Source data
————

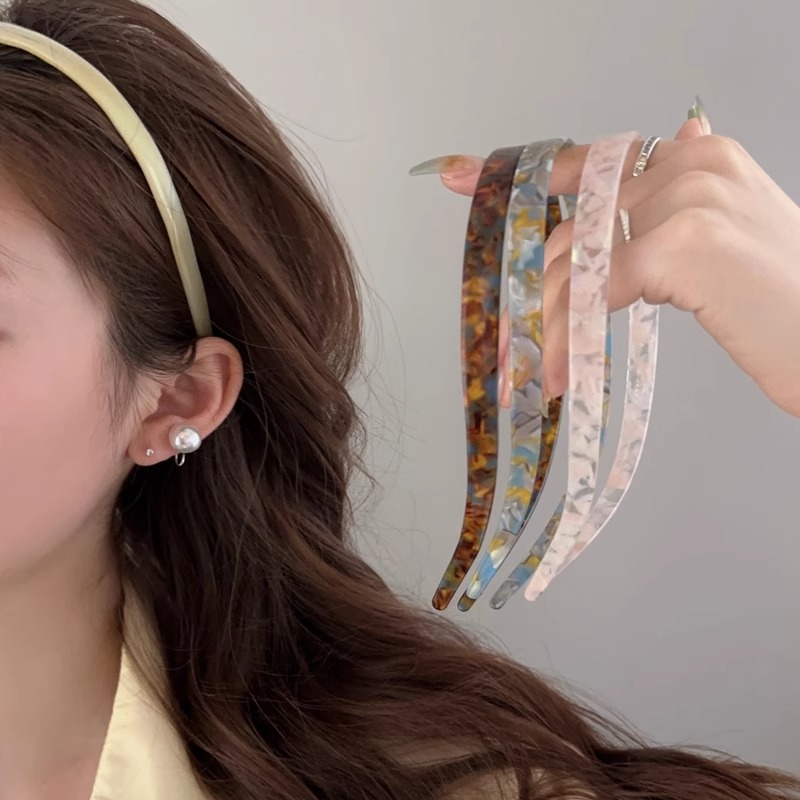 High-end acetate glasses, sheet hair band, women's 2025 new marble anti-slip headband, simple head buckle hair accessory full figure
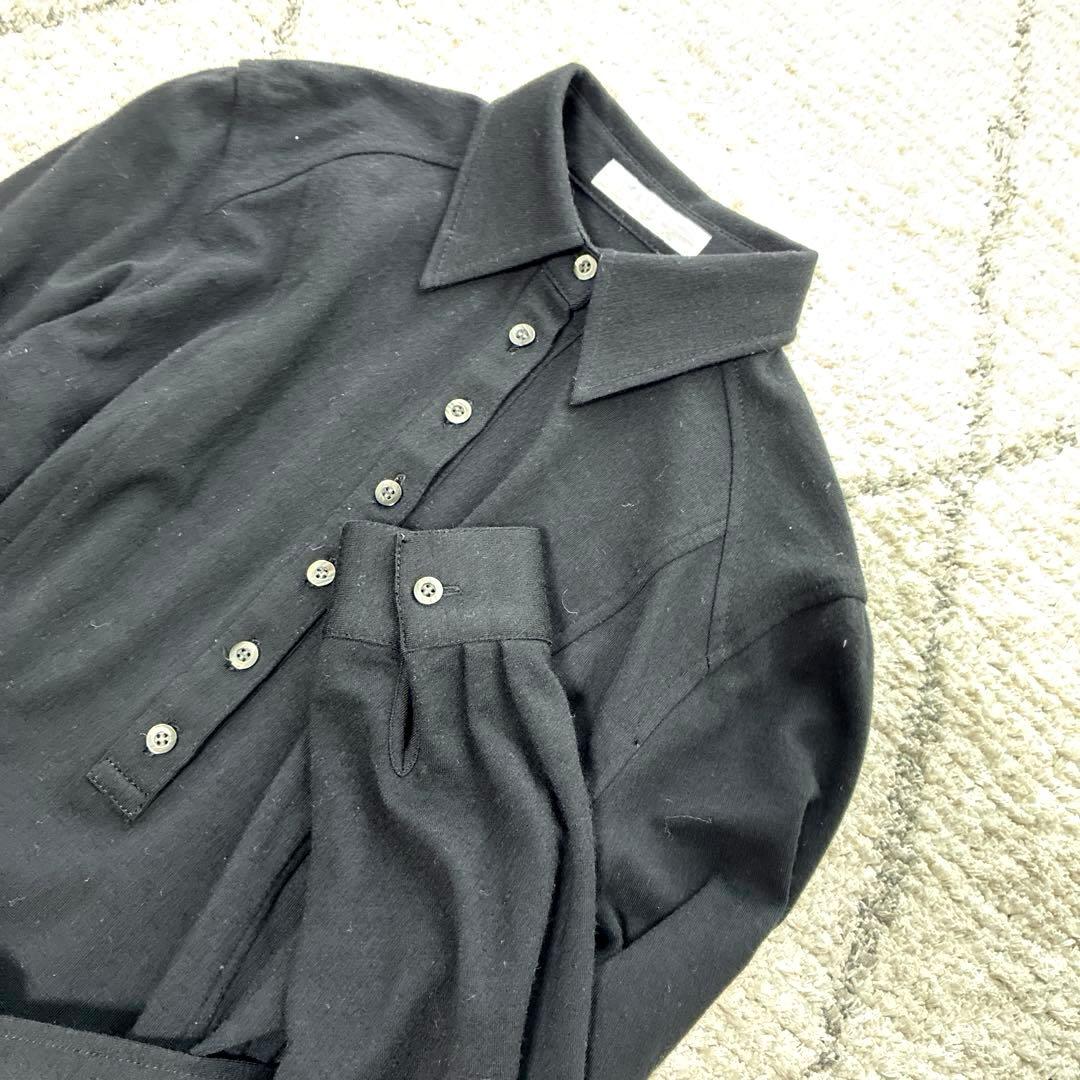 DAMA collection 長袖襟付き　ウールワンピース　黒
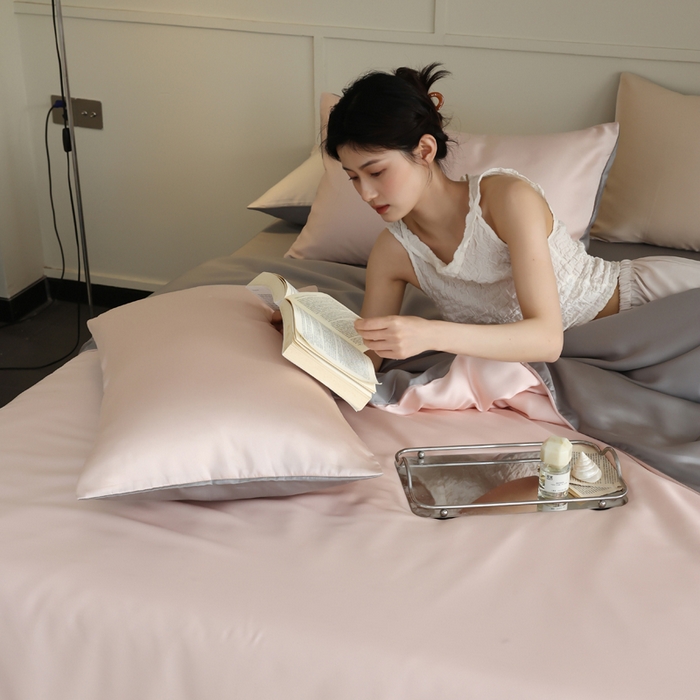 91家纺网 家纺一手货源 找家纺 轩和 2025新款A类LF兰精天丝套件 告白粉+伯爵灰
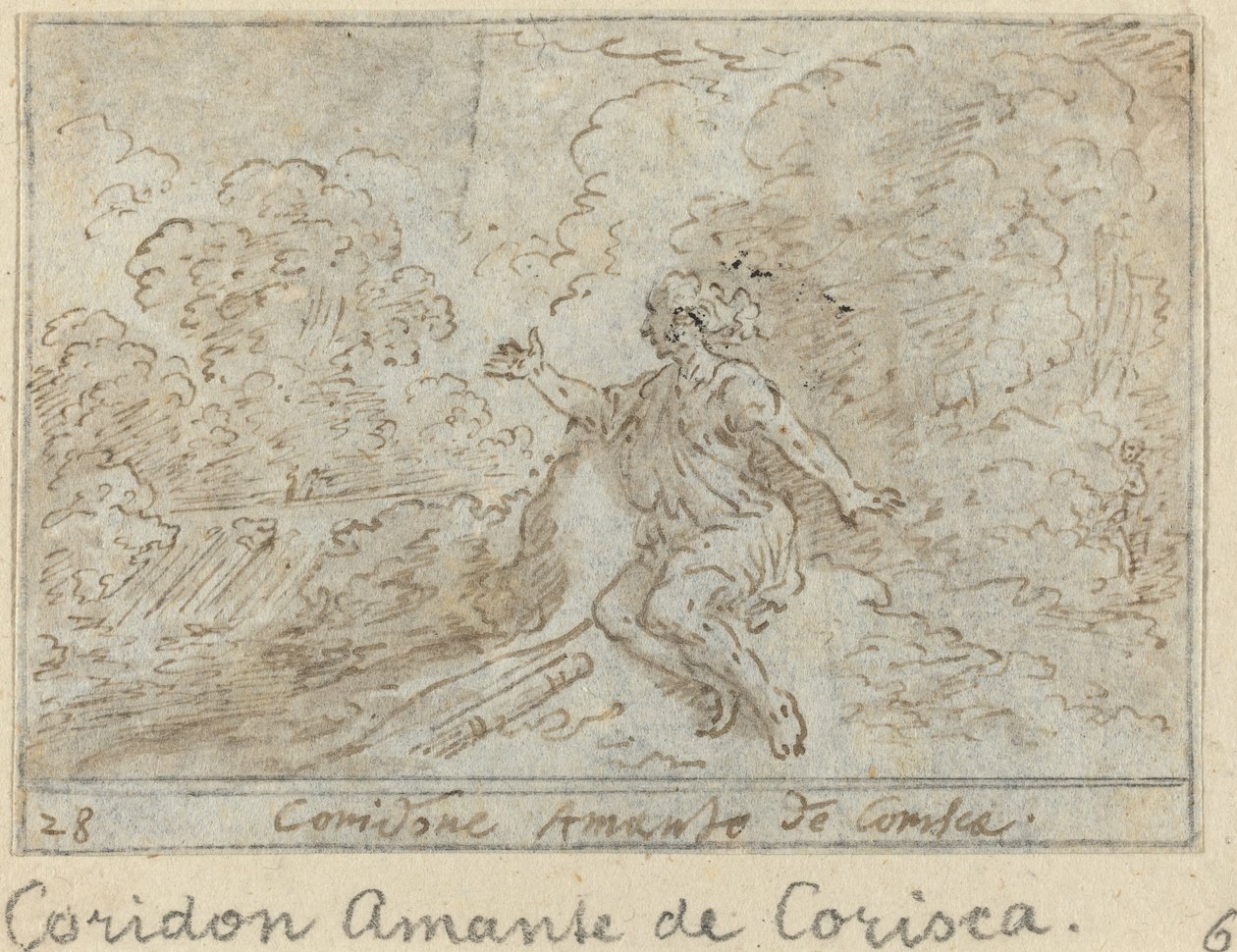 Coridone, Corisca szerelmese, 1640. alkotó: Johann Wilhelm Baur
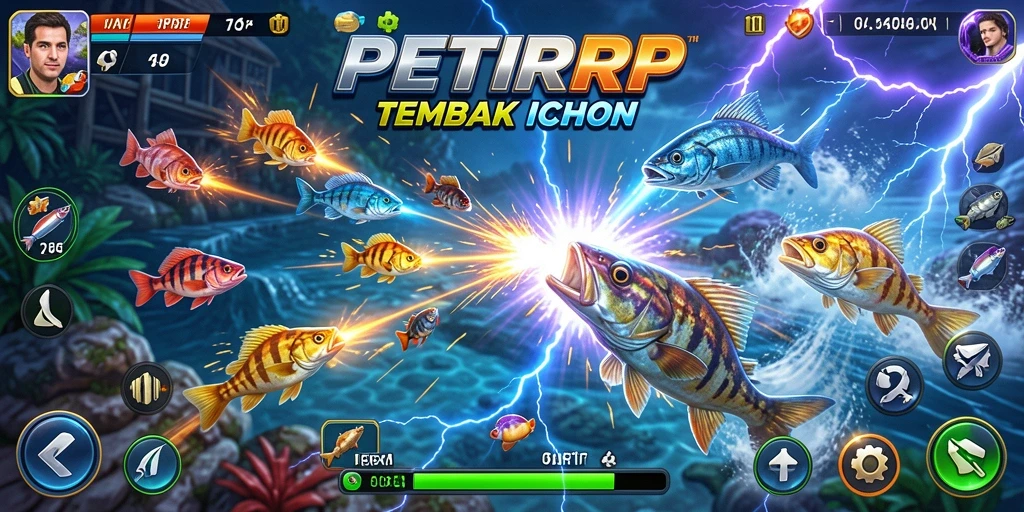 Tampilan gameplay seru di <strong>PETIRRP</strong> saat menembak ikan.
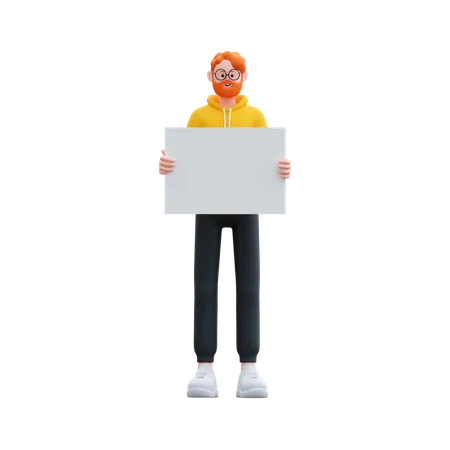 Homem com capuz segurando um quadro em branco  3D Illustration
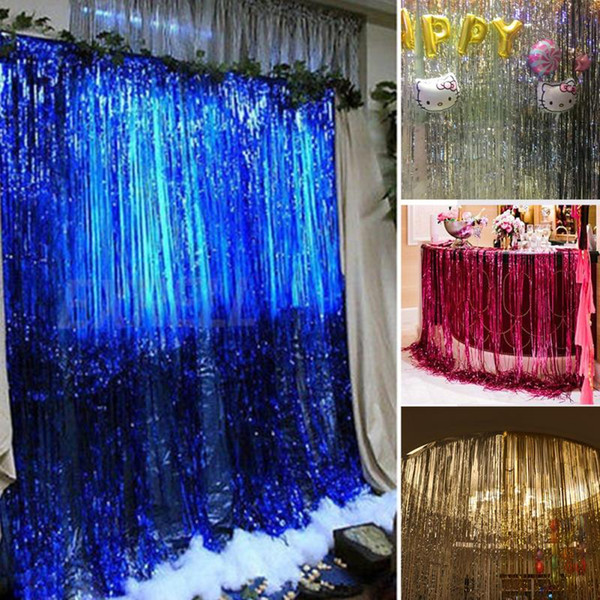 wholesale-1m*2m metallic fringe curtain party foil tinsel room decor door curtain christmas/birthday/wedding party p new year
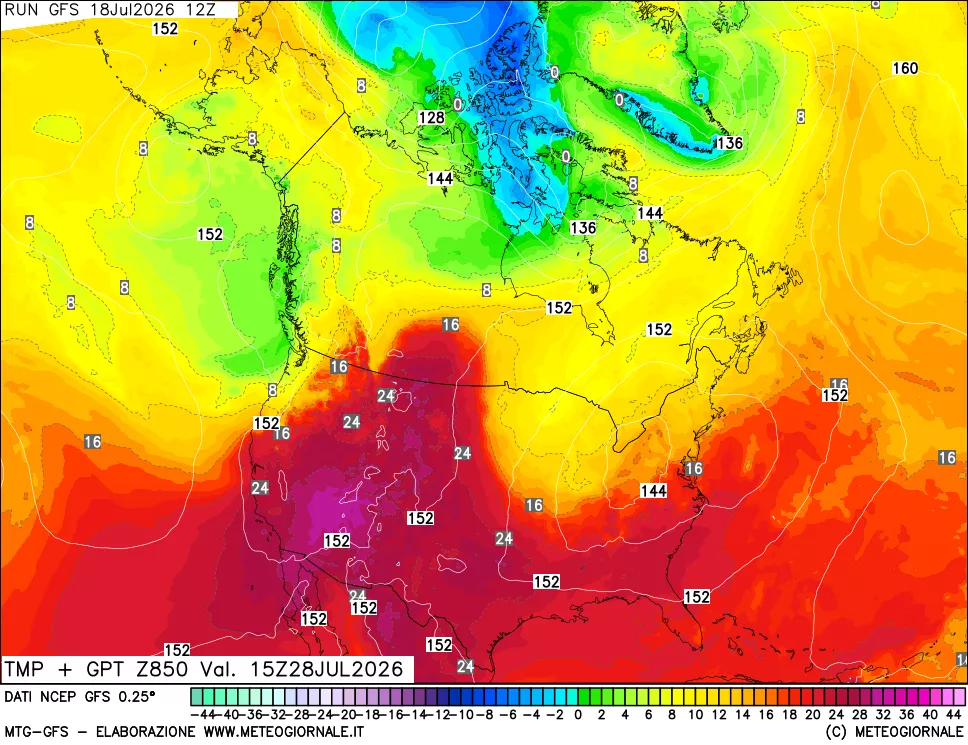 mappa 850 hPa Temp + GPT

————

* Work to be completed
Print out every entry above without changing a word, and leave out the pictures.

* Answer area
 High-end acetate glasses, sheet hair band, women's 2025 new marble anti-slip headband, simple head buckle hair accessory full figure
 DAMA collection 長袖襟付き　ウールワンピース　黒
 91家纺网 家纺一手货源 找家纺 轩和 2025新款A类LF兰精天丝套件 告白粉+伯爵灰
 Coridone, Corisca szerelmese, 1640. alkotó: Johann Wilhelm Baur
 Tampilan gameplay seru di <strong>PETIRRP</strong> saat menembak ikan.
 Homem com capuz segurando um quadro em branco  3D Illustration
 wholesale-1m*2m metallic fringe curtain party foil tinsel room decor door curtain christmas/birthday/wedding party p new year
 mappa 850 hPa Temp + GPT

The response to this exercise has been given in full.